Since Republicans control the Senate and the White House, Democrats evidently feel no need to worry about the details, since nothing they endorse is in danger of becoming law. They can throw out an array of proposals and see what sticks, or they can emphasize, as Massachusetts Senator Elizabeth Warren did this week, that the goal is “100 percent coverage in this country at the lowest possible cost.” Any plan that gets there will likely have the support of most, if not all, of the Democrats running for president.
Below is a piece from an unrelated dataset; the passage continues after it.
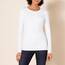 Amazon Essentials Damen Langärmeliges T-Shirt mit Rundhalsausschnitt in klassischer Passform (erhältlich in Übergröße), Weiß, XX-Large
Even the least radical of the plans being tossed around would be considered major progressive victories if they became law, and are likely to be opposed by powerful health industry players, who will inevitably enter the debate. During the Affordable Care Act debate of 2009, moderate Democratic senators like Joe Lieberman (who received a boatload of donations from insurance companies) killed the “public option,” which would have allowed people to buy health insurance directly from the government. Many Medicare for all alternatives resemble this public option, and there are good-faith arguments for why that sort of plan would be preferable to a Full Bernie Medicare for All scheme. It would be less expensive, less disruptive in the short term, and perhaps more appealing to the centrist Senate Democrats who will have effective veto power over any healthcare legislation. (Winning the presidency on a Medicare for all platform might be easier than getting West Virginia’s Joe Manchin on board to vote it into law.)

But there is still a wide gulf between Democrats who regard America’s current private health insurance system as abhorrent and in need of eradication, and those who might prefer to reform the system more modestly. At the moment, the healthcare debate in the 2020 primary resembles several Democrats standing in a circle and singing Kumbaya, insisting that they all want more or less the same thing. But they don’t. The vague answers most candidates have given so far on healthcare—consistently one of the most important issues to voters—will eventually not be enough as they face pressure from the media and primary voters to stake out unique turf. At some point, “Medicare for all” will sound less like a slogan, and more like a way to dodge questions.